### [Goal of the exercise]
Could each entry below be written out exactly, with every picture dropped?

****************

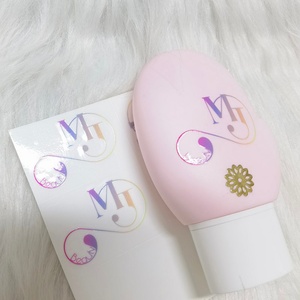 Factory Price Custom UV Vinyl Transfer Clear Waterproof Sticker Adhesive Paper Logo for Perfume Lipstick Skin Care Shampoo - Product Image 2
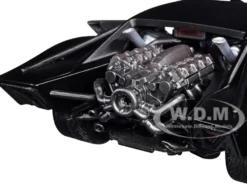 Batmobile Matt Black with Batman Diecast Figure The Batman 2022 Movie DC Comics 1/24 Diecast Model Car Jada 32731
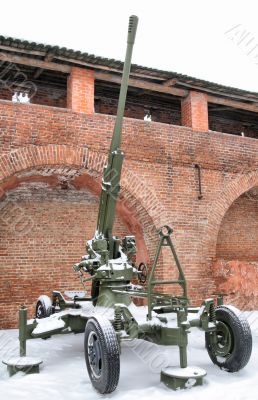 Antiaircraft gun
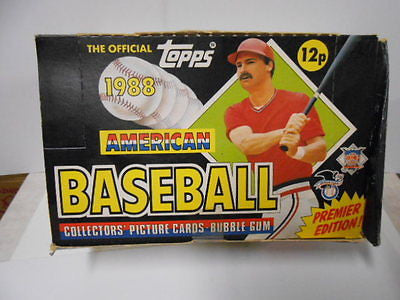 Baseball cards rarer 48 sealed packs UK version box 1988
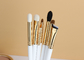 Vonira Artisan Studio 16pcs Makyaj Fırçaları Seti, Altın Bakır Yüksük Ahşap Saplı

****************

### [Your response]
 Factory Price Custom UV Vinyl Transfer Clear Waterproof Sticker Adhesive Paper Logo for Perfume Lipstick Skin Care Shampoo - Product Image 2
 Batmobile Matt Black with Batman Diecast Figure The Batman 2022 Movie DC Comics 1/24 Diecast Model Car Jada 32731
 Antiaircraft gun
 Baseball cards rarer 48 sealed packs UK version box 1988
 Vonira Artisan Studio 16pcs Makyaj Fırçaları Seti, Altın Bakır Yüksük Ahşap Saplı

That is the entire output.